I have a few questions regarding GPGPU computing that I am very hopeful you all will be able to help me with. I am a graduate student getting my PhD in neuroscience and a major component of my work is simulating large scale neural networks that represent recordings I have performed on real neurons. Our lab is currently investing in a few Tesla systems that will be used to perform highly parallel simulations that we used to outsource to larger computational resources on campus.
My major goal here is to build myself a new system where I will be able to test my CUDA code before I run it on the bigger system. I would also like to not spend my entire life in the lab, so having a rig at home where I can do some of my work would be favorable. In addition, I occasionally have time to play games and would like my system to be able to perform decently with most modern titles.
I am going to lay out a couple of the options that I have put together so far and would really appreciate any comments the community could provide on the viability of any of the combinations. I am mostly torn between deciding on the GTX 400 or 500 series and determining whether I want to throw more money down for an Intel CPU or to stick with the lower cost AMD solution.
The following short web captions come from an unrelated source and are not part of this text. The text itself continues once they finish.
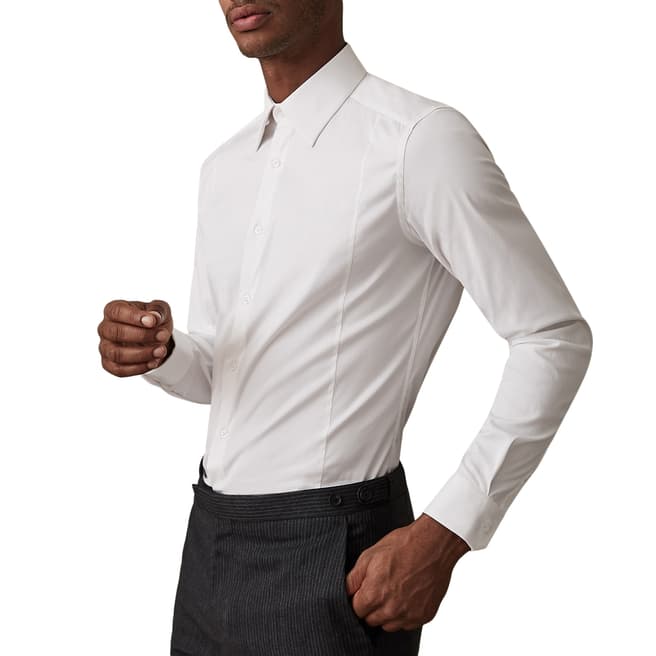 Reiss White Gianni Slim Stretch Shirt
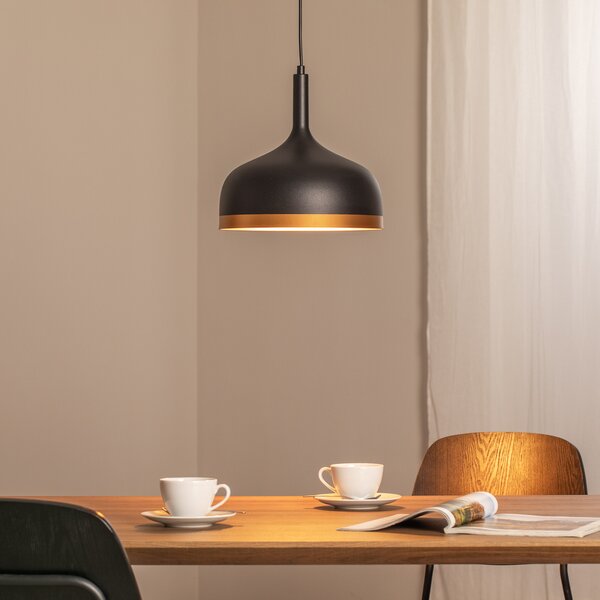 Opviq Lampă suspendată Sivani MR-826, negru/auriu, metal, Ø 30 cm, reglabil, Negru, Camera de zi / sufragerie, Metal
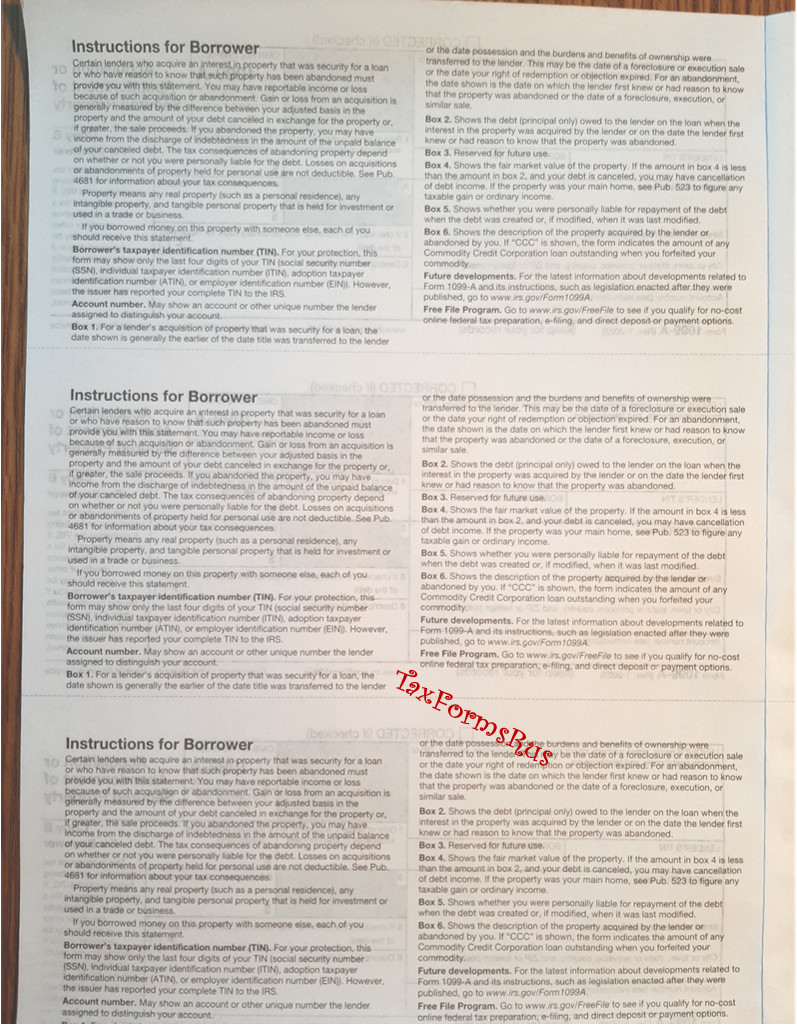 2022 IRS Tax Form 1099-A single sheet set for 3 borrowers, carbonless 3pt 3UP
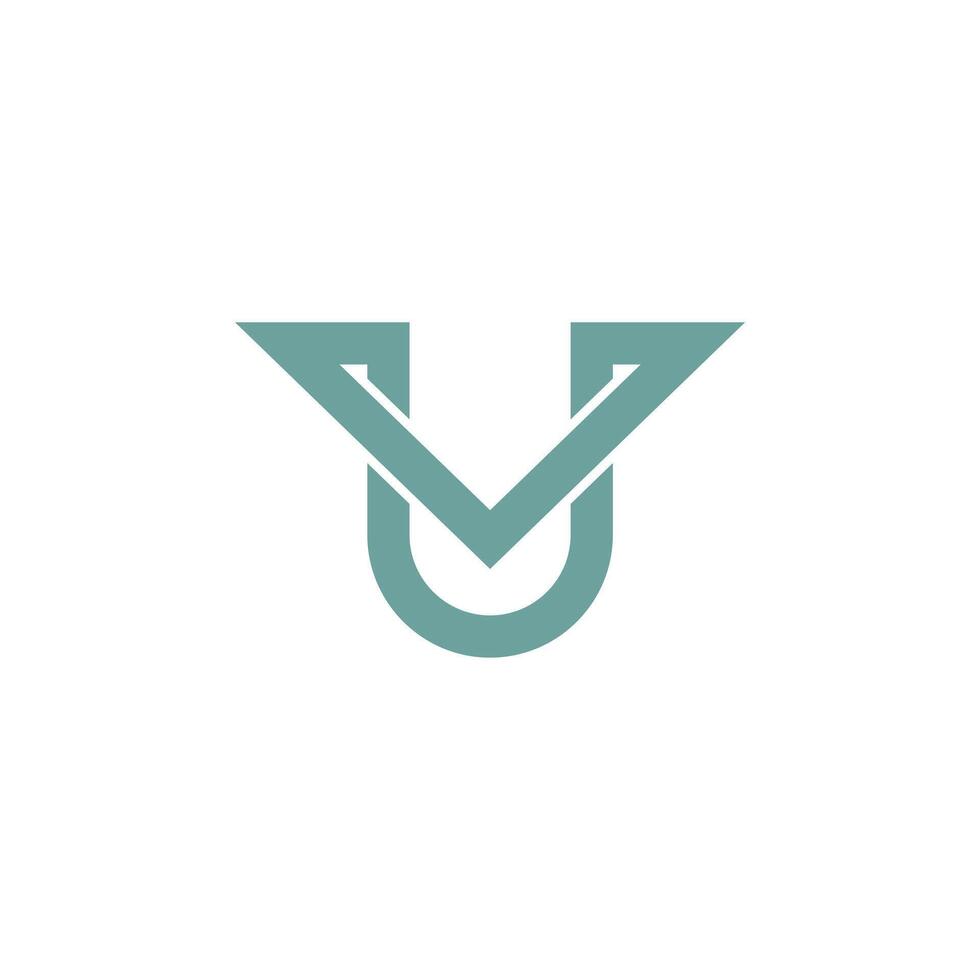 VU UV Letter flat Unique modern flat abstract monogram Initial Logo Design Template Illustration. VU UV elegant and Professional icon design vector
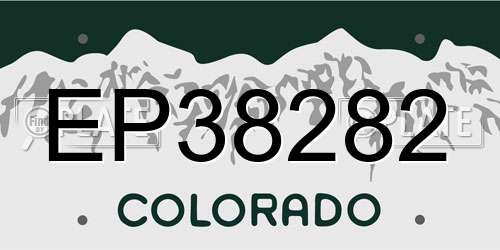 EP38282 Colorado License Plate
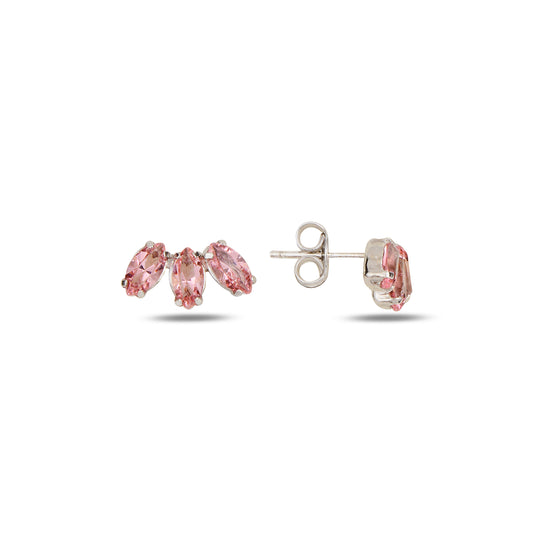 Swarovski NEPTUNE Trio silver earrings with white rhodium and pink crystal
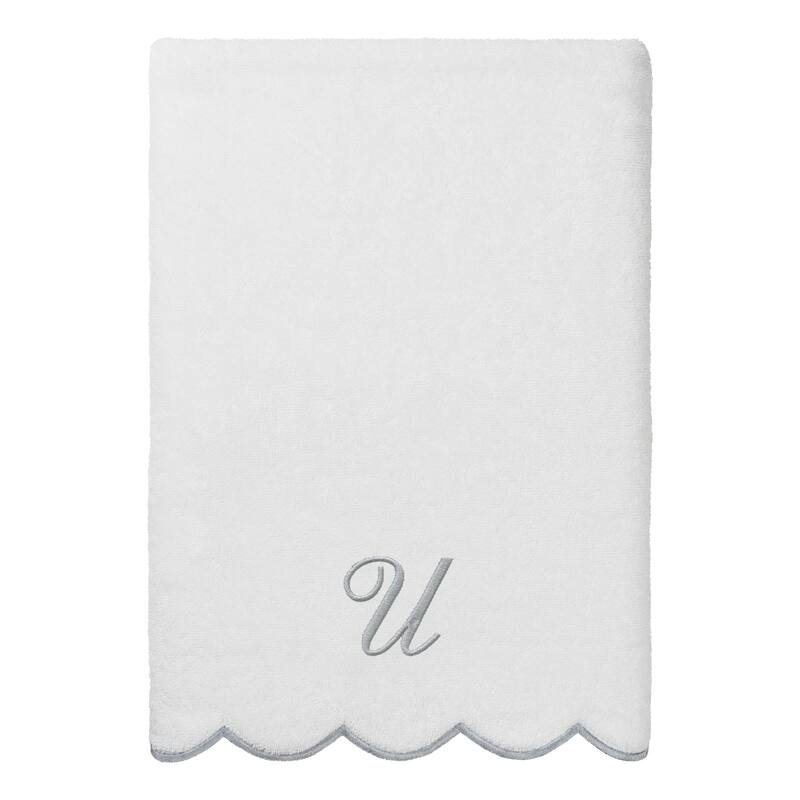 Authentic Hotel and Spa 100% Turkish Cotton Grey ADORNIA Scallop Personalized 3 Piece Towel Set - 3 Piece Set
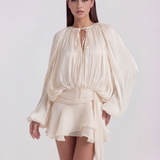 Fluid Short Dress with Puff Sleeves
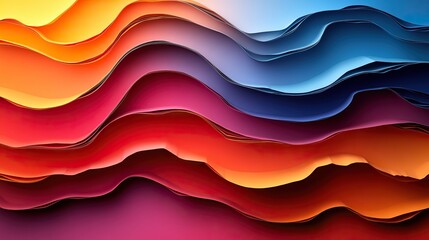 A dynamic paper cut design with colorful gradient layers and holographic reflections framing a blank center, ideal for invitations, flyers, banners, and promotional designs with text.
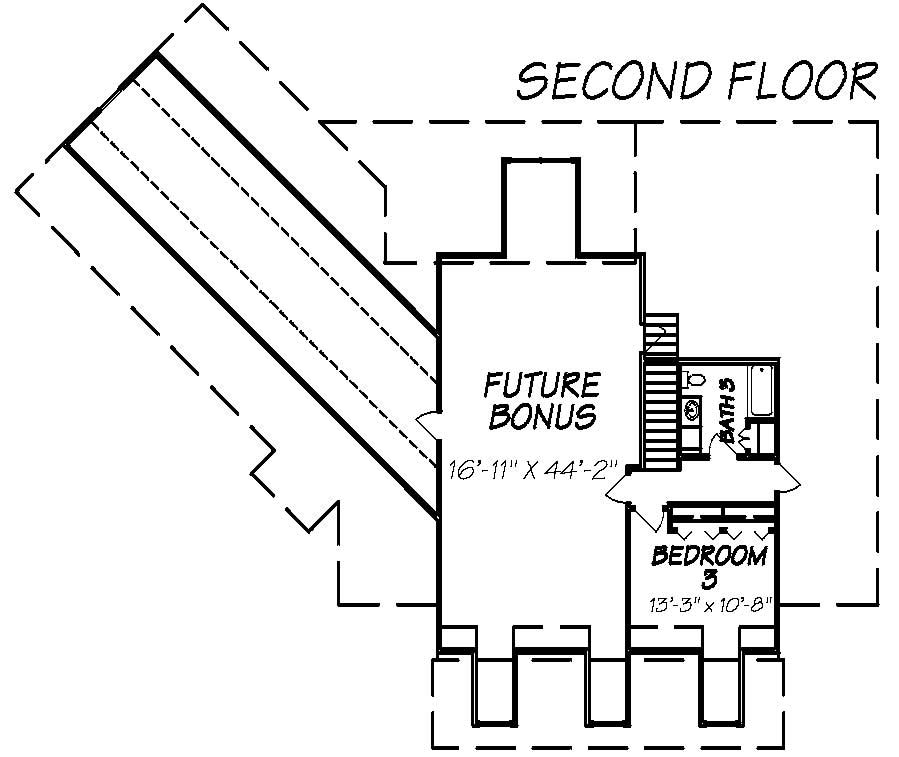 Floor Plan Second Story of Cape Cod Plan #140-1043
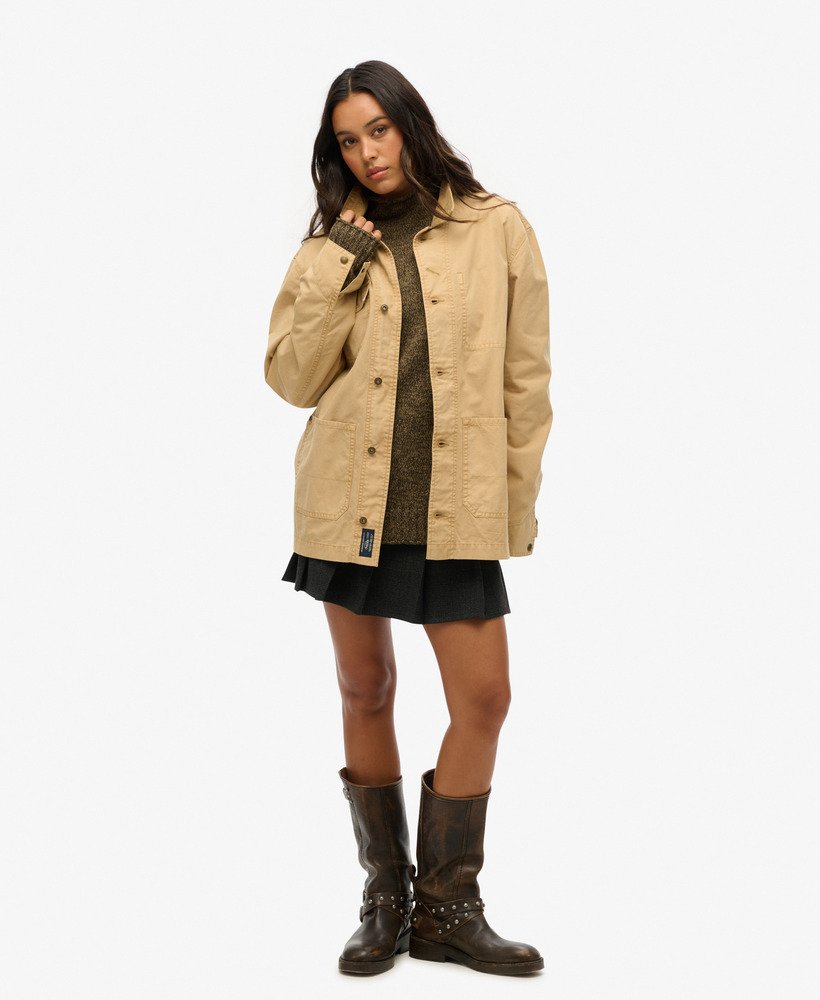 The Merchant Store - Oversized Cotton Work Jacket - XNAUWBI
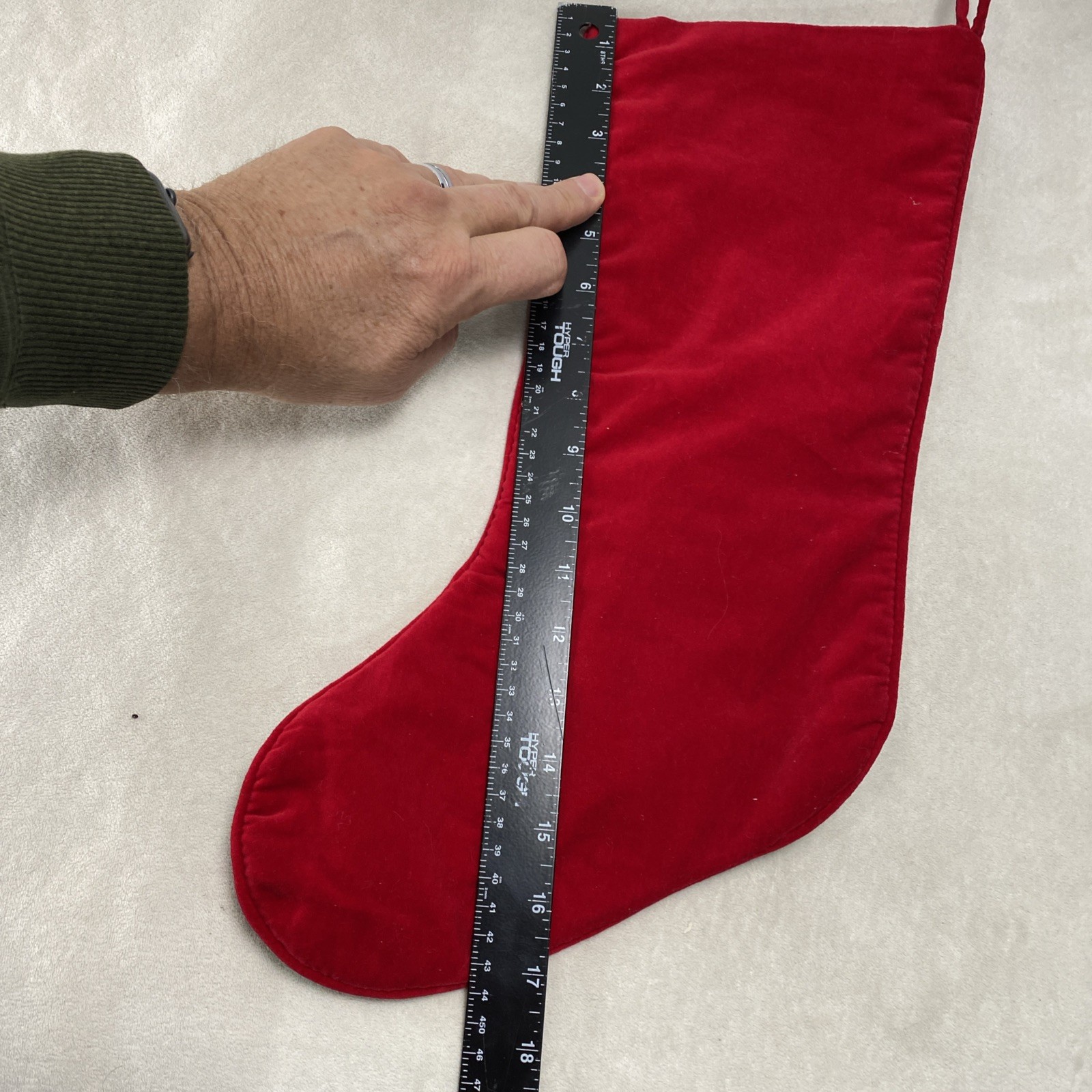 Vintage Wool Red Velvet Needlepoint Christmas Stocking Teddy Bear Rocking Horse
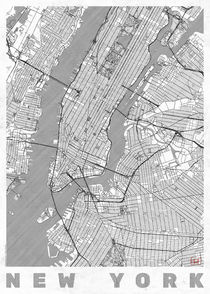 New York Map Line by Hubert Roguski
I'd go with the Phenom II if you need more physical cores/threaded apps. The Sandy Bridge is better in gaming, but I'm not too sure about the difference in threaded apps with HyperThreading off if you are going to overclock it.
I was thinking the same thing and I have read that SLI and CUDA coding can be considered perpendicular processes. Suggesting that SLI makes all the cards one addressable computing block where CUDA gives you the flexibility to discretely address each Stream Multiprocessor (SM) on the cards. With the two cards I was planning on running independent simulations that occasionally communicate through the CPU but I have also read that this sort of path can give rise to thread pile ups. I want to get as many SM's out of this rig as possible.
In regards to the AMD CPU I had a similar inclination but I have just read so many reviews about how good sandy bridge is that I was beginning to doubt my judgement. I have always leaned toward AMD and I think the X6 with definitely provide me with what I am looking for.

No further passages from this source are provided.